Existem as expressões "haja visto" e "haja vista", mas é bom saber que a primeira é bem diferente da segunda

NA SEMANA passada, analisei alguns casos do emprego do verbo "haver". O mote foi uma declaração de um magistrado ("É necessário que hajam provas..."). Numa passagem do texto, escrevi isto: "Quando se sai desse tempo verbal, a coisa se complica, haja vista o que ocorreu na frase...".
Muitos leitores escreveram para perguntar sobre a expressão "haja vista". Alguns chegaram a questionar a legitimidade da construção: "Sempre ouvi dizer que não existe "haja vista", que só se emprega "haja visto", em qualquer situação". De início, é preciso dizer que existem as expressões "haja visto" e "haja vista", que são bem diferentes. A primeira ("haja visto") é uma locução verbal formada pela primeira ou terceira pessoa do singular do presente do subjuntivo do verbo "haver" ("haja") e pelo particípio do verbo "ver" ("visto"): "Eles esperam que eu haja visto o relatório"; "Suponho que ela haja visto o filme". Se alguém diz isso hoje em dia, é outra coisa, mas é incontestável a existência dessas construções em certos registros da língua.
Hoje, na linguagem corrente, é mais comum o uso de "tenha" nos exemplos vistos ("Eles esperam que eu tenha lido..."; "Suponho que ela tenha visto..."), embora em outros tempos verbais não seja nada insólito o registro de "haver" ao lado de um particípio ("Nenhum dos alunos havia lido as obras"). Passemos à expressão formada por uma flexão de "haver" e pelo substantivo "vista". Destacam-se três dos diversos usos dessa locução. O primeiro (e mais simples) consiste no emprego puro e simples de "haja vista" como expressão invariável, qualquer que seja o elemento a que se refira: "Jogar contra o Milan em Milão não é nada fácil, haja vista os resultados das últimas partidas lá realizadas"; "O desempenho dos estudantes brasileiros vai de mal a pior, haja vista as avaliações divulgadas recentemente por diversos organismos".

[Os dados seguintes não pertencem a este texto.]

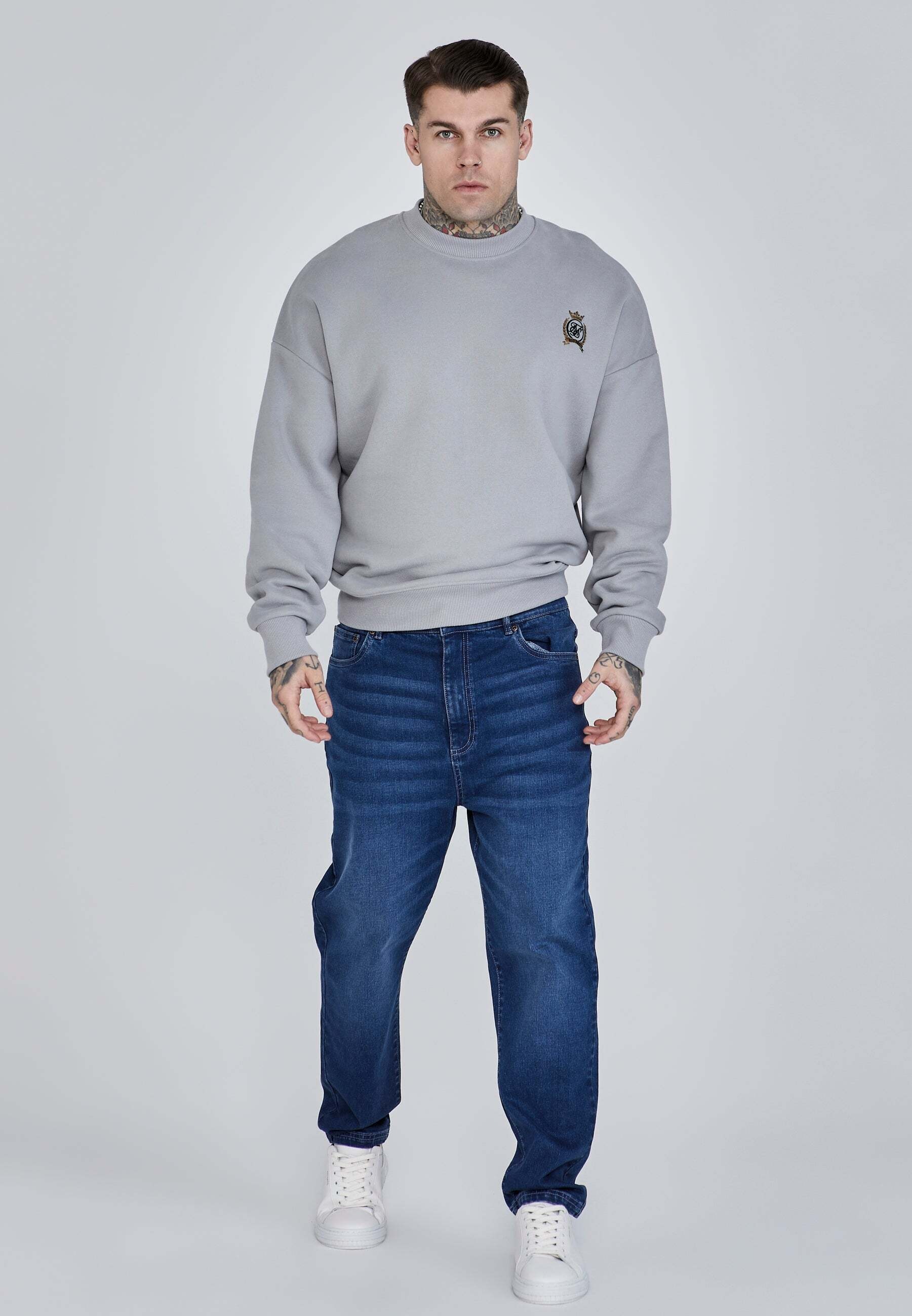 Siksilk Sweatshirt »Siksilk Sweatshirt Oversized Sweater«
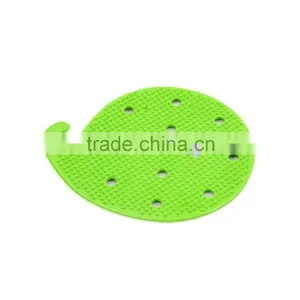 Fruit and Vegetable Brush Multi Use Vegetable Brushes/Heat Pads/Potato Scrubber/ Rivet / Jar Opener Double Sided Silicon thumbnail-1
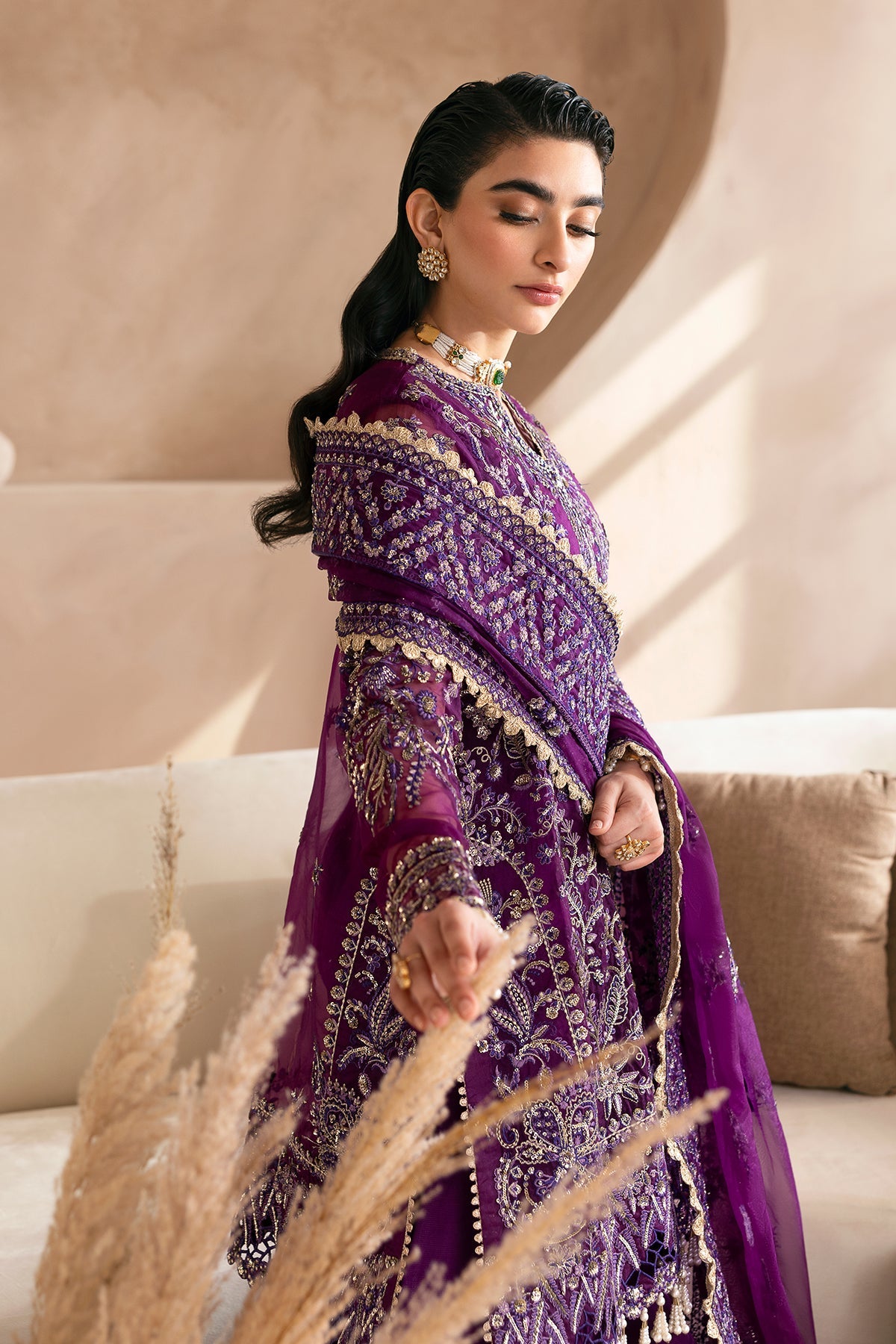 dark purple silk dress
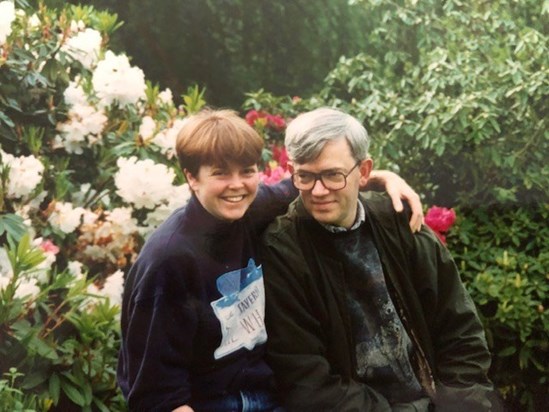Nisi and John at Bowood rhododendrons, May '94    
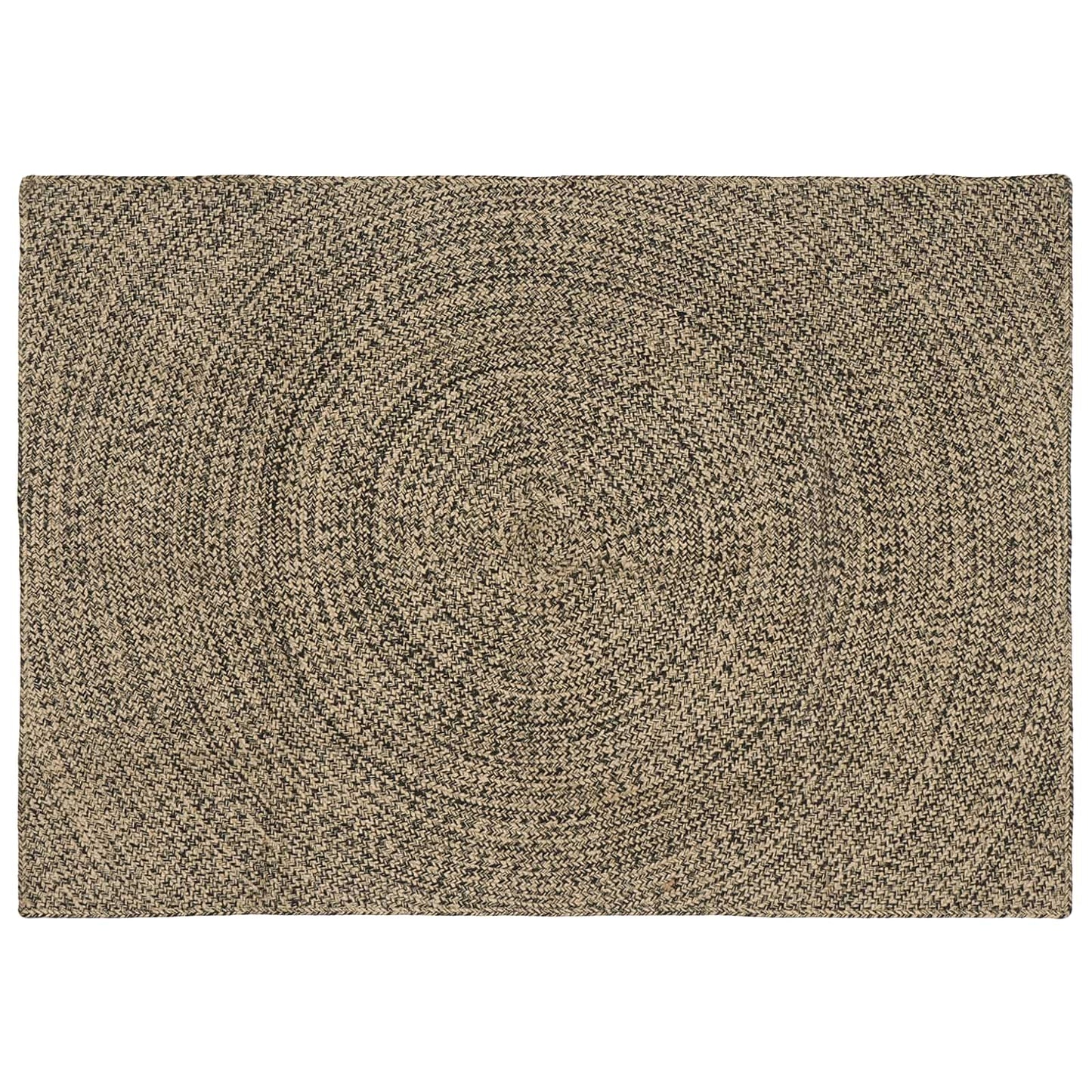 Vloerkleden Naturel en Zwart 120 x 170 cm Jute is nu te koop bij PeponiXL, paradijselijk wonen!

Vejamos agora os outros dois usos. Um deles consiste em empregar o verbo "haver" como variável, caso em que passa a significar algo como "receber", "ser alvo de": "Jogar contra o Milan em Milão não é nada fácil, hajam vista os resultados das últimas partidas..."; "O desempenho dos estudantes brasileiros vai de mal a pior, hajam vista as avaliações divulgadas recentemente por diversos organismos". Em "hajam vista os resultados/as avaliações", tem-se algo semelhante a "recebam ("sejam alvo de') vista ("exame/análise/observação') os resultados/as avaliações".
Por fim, o terceiro uso, quase restrito à linguagem erudita. Consiste no emprego do verbo "haver" como invariável ("haja", que equivale a algo como "ocorra"), mas com o substantivo "vista" a reger a preposição "a": "Jogar contra o Milan em Milão não é (...), haja vista aos resultados das últimas..."; "O desempenho dos estudantes (...), haja vista às últimas avaliações...". No segundo e no terceiro uso, fica implícito algo como "basta que" ("...basta que hajam/recebam vista os resultados/as avaliações"; "...basta que haja/ocorra vista aos resultados/às avaliações").
O prezado leitor notou que, no último exemplo, surgiu um acento grave ("haja vista às últimas avaliações")? É por essas e outras que muita gente prefere a expressão "haja vista", fixa, invariável. Mas, cá entre nós, ninguém morre por conhecer outras opções. É isso.